Day 74: There was no water there for the people to drink.

water of life
Photo by Samad Deldar on
Read Exodus 17:1-16
The whole Israelite community set out from the Desert of Sin, traveling from place to place as the Lord commanded. They camped at Rephidim, but there was no water for the people to drink. So they quarreled with Moses and said, “Give us water to drink.”
Moses replied, “Why do you quarrel with me? Why do you put the Lord to the test?”
But the people were thirsty for water there, and they grumbled against Moses. They said, “Why did you bring us up out of Egypt to make us and our children and livestock die of thirst?”
Then Moses cried out to the Lord, “What am I to do with these people? They are almost ready to stone me.”
The Lord answered Moses, “Go out in front of the people. Take with you some of the elders of Israel and take in your hand the staff with which you struck the Nile, and go. I will stand there before you by the rock at Horeb. Strike the rock, and water will come out of it for the people to drink.” So Moses did this in the sight of the elders of Israel. And he called the place Massah and Meribah because the Israelites quarreled and because they tested the Lord saying, “Is the Lord among us or not?”
The Amalekites came and attacked the Israelites at Rephidim. Moses said to Joshua, “Choose some of our men and go out to fight the Amalekites. Tomorrow I will stand on top of the hill with the staff of God in my hands.”
10 So Joshua fought the Amalekites as Moses had ordered, and Moses, Aaron and Hur went to the top of the hill. 11 As long as Moses held up his hands, the Israelites were winning, but whenever he lowered his hands, the Amalekites were winning. 12 When Moses’ hands grew tired, they took a stone and put it under him and he sat on it.

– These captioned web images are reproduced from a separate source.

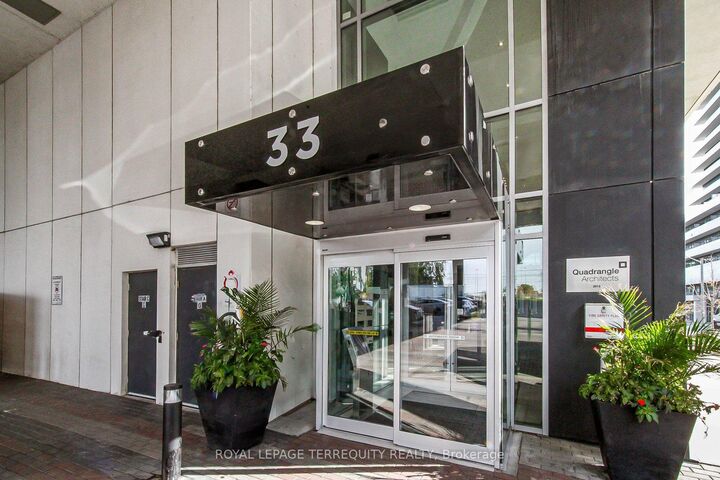 33 Shore Breeze Drive 3111 — photo 1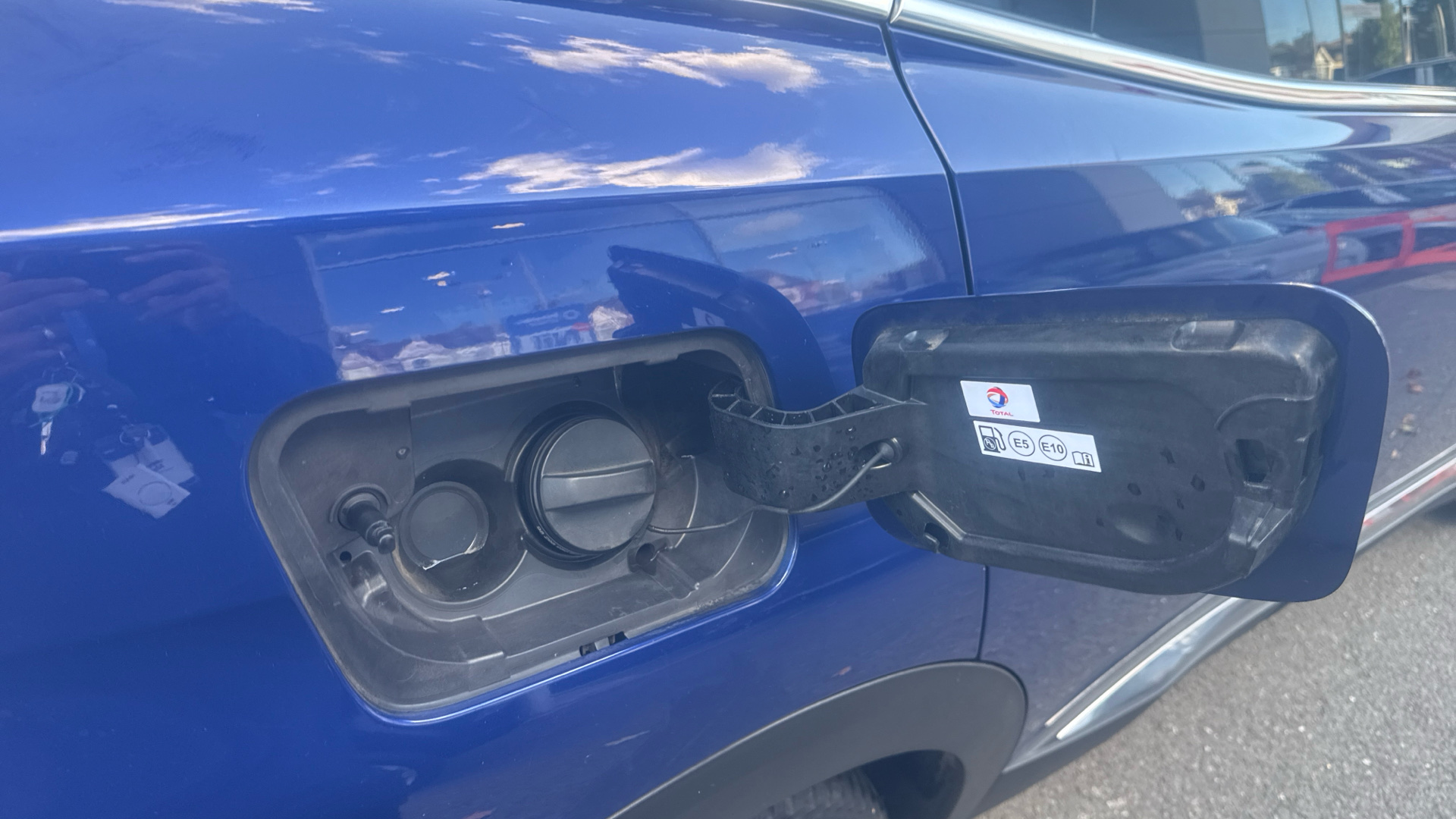 car image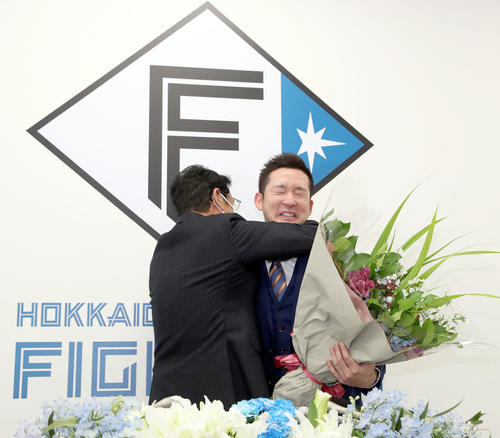 侍ジャパン栗山監督（左）から花束が贈られ涙する杉谷（撮影・佐藤翔太）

Aaron and Hur held his hands up—one on one side, one on the other—so that his hands remained steady till sunset. 13 So Joshua overcame the Amalekite army with the sword.
14 Then the Lord said to Moses, “Write this on a scroll as something to be remembered and make sure that Joshua hears it, because I will completely blot out the name of Amalek from under heaven.”
15 Moses built an altar and called it The Lord is my Banner. 16 He said, “Because hands were lifted up against the throne of the Lord, the Lord will be at war against the Amalekites from generation to generation.”

It is such a frustrating and bewildering thing about God that He leads His people into situations that don’t work.

There’s no water. Again.

And the people grumble, again.

But this time Moses gets mad at them.

Like he thinks they could do better.

They’ve already experienced so much of God’s power to do impossible things. Couldn’t they ask Him to do another?

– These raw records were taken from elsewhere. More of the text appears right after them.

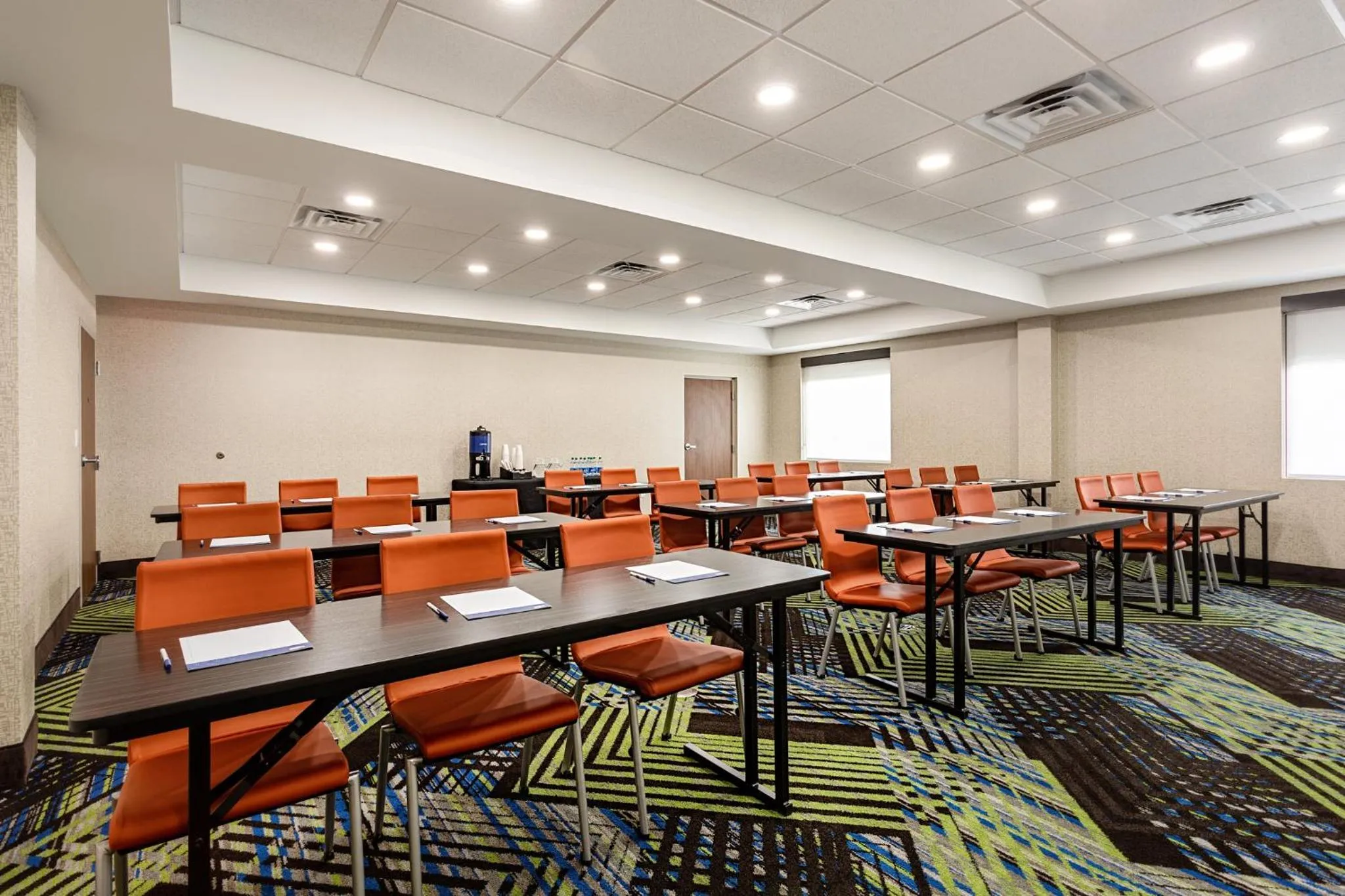 Meeting/conference room in Holiday Inn Express & Suites - Miramar by IHG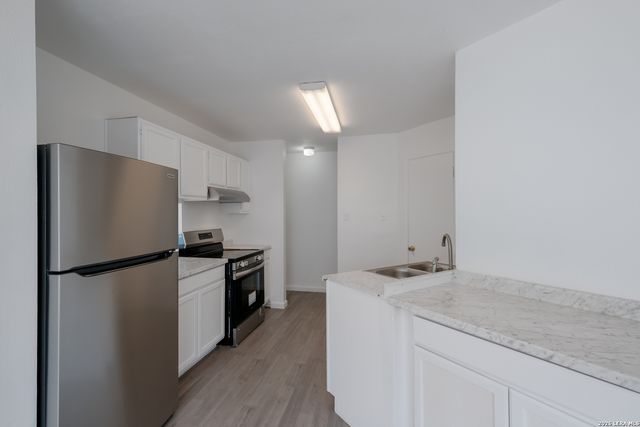 6098 GLACIER SUN DR, San Antonio, TX 78244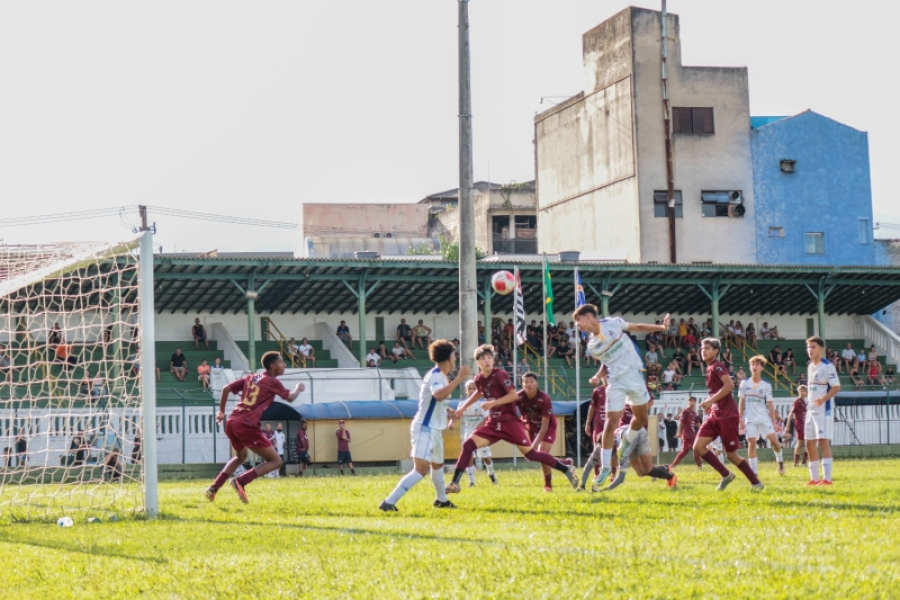 Copa Votorantim de Futebol Sub-15 define os semifinalistas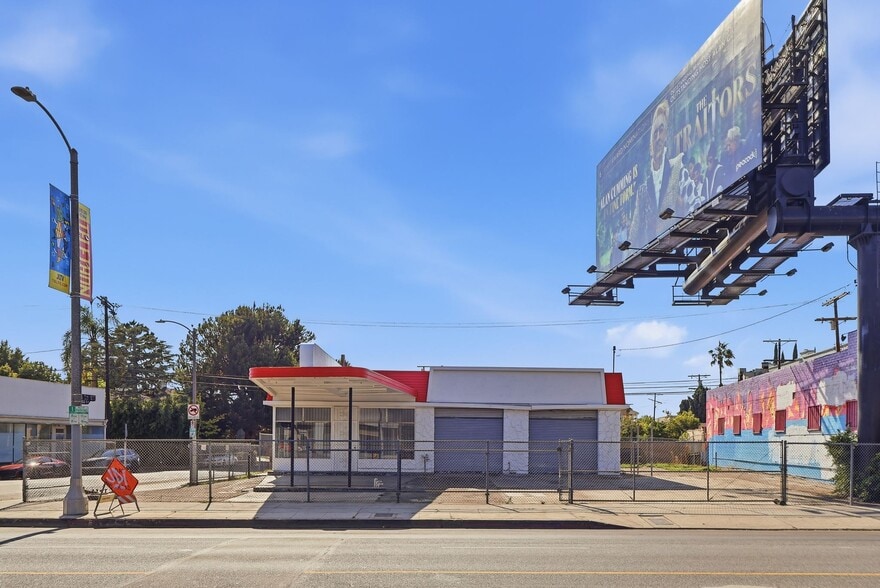 More Photos Of 371 S Fairfax Ave, Los Angeles Service Station For Lease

Apparently there’s a difference between complaining and asking.

Consider the battle against the Amalekites.  The Israelites win as long as Moses holds up the staff.  It’s a kind of physical, visible prayer.

It’s asking.

This is the very first battle the Israelites have fought. Just weeks ago they were still in Egypt making bricks.  Even their grown men have never in their lives fought like this, and the Amalekites are fierce (my study bible tells me).  They’re experts at fighting.

But Moses prays, and God gives victory to His people.

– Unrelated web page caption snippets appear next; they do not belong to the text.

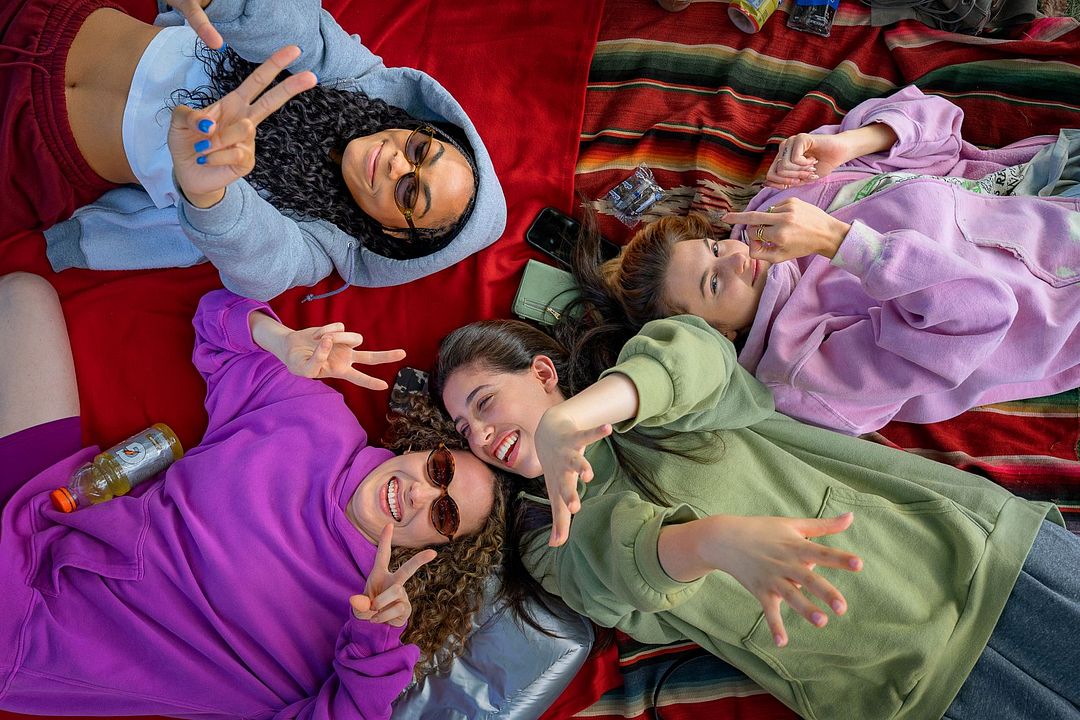 Roommates : Photo Bella Murphy, Chloe East, Sadie Sandler, Jaya Harper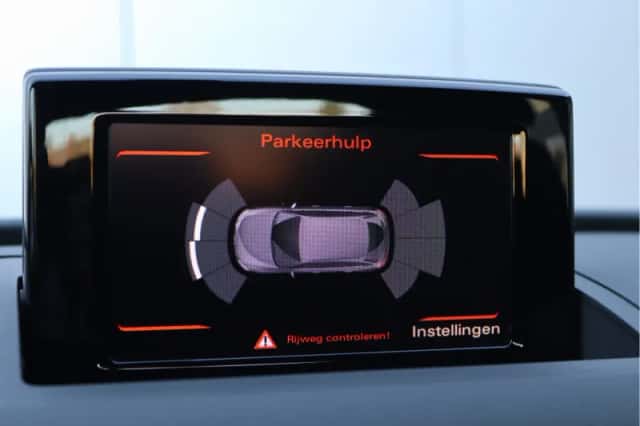 Audi Q3 (2018) thumbnail 38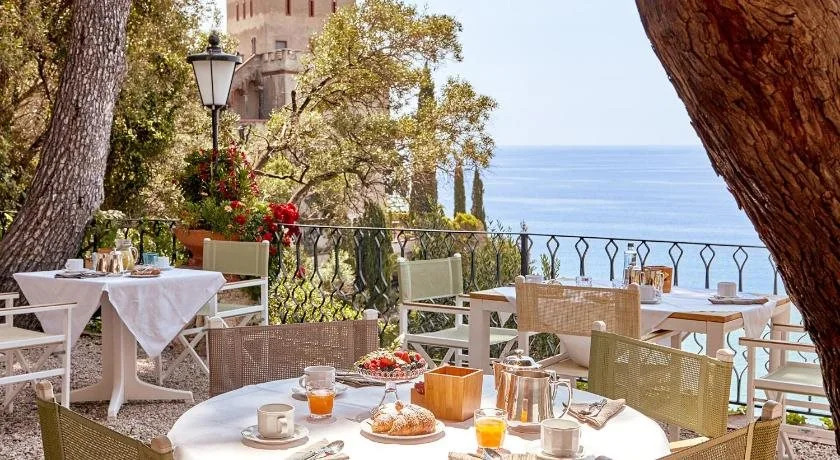Hotel Punta Est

Then He tells Moses to write it down “as a permanent reminder”.

He did a similar thing after the manna. He had Moses collect some and keep it “for your descendants” (16:32). God is very careful to make sure that nothing He does is forgotten.  In fact, that’s a big part of what the Sabbath is all about – remembering His deeds and His promises.

He seems to think people can forget.

He’s right.  The Israelites have ‘forgotten’ the quail and the manna – even though they come every single day. Somehow it’s become so normal, so expected, that they’ve stopped viewing it as a miracle. It’s just what happens.

So now, in this place with no water, they act as though God won’t help – as though He never has.  They need to remember.  They need to ask.

This isn’t a mistake. God is doing something – He’s training his nation to trust Him, and sometimes trust means asking. Even asking for impossible things.

As though we think He can do them.

As though we think He will.

The Israelites failed. They grumbled instead, but God gave them water anyway. He’s the best trainer – wonderfully patient, and amazingly generous.   The water gushes out of the rock (17:6 NLT).

Is there anything you need to ask Him for?